WHAT TO PRODUCE.
Give the count of lines in the data that include "from", with no other words.

Data items:
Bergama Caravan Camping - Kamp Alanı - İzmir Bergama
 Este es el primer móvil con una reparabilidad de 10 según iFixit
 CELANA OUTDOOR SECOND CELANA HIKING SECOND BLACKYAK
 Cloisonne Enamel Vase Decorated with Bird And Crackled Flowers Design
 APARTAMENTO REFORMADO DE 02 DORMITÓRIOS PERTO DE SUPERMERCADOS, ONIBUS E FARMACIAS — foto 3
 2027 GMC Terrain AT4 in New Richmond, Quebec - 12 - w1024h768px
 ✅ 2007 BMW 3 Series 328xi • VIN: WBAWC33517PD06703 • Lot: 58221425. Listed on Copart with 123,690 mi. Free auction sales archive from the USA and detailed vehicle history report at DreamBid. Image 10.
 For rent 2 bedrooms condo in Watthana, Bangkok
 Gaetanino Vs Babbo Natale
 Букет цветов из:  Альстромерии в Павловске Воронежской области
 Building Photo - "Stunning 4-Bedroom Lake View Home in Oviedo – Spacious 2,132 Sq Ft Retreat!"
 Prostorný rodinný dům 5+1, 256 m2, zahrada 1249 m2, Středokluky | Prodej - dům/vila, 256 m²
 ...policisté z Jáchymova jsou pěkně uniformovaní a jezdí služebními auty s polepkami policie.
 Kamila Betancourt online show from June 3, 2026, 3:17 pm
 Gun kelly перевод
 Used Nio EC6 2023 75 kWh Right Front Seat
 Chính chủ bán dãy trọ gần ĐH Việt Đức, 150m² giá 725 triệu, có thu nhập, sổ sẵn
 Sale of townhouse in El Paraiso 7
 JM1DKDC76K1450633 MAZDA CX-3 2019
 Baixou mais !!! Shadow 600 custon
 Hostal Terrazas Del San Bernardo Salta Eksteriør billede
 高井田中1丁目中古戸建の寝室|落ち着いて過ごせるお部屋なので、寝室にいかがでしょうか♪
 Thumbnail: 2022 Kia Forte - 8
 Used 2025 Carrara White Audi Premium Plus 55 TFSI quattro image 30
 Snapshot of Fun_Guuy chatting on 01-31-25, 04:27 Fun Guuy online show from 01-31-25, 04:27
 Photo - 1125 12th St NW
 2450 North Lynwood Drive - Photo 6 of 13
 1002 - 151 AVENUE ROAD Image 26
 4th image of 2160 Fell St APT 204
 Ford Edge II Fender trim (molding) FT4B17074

EXERCISE RESULT.
3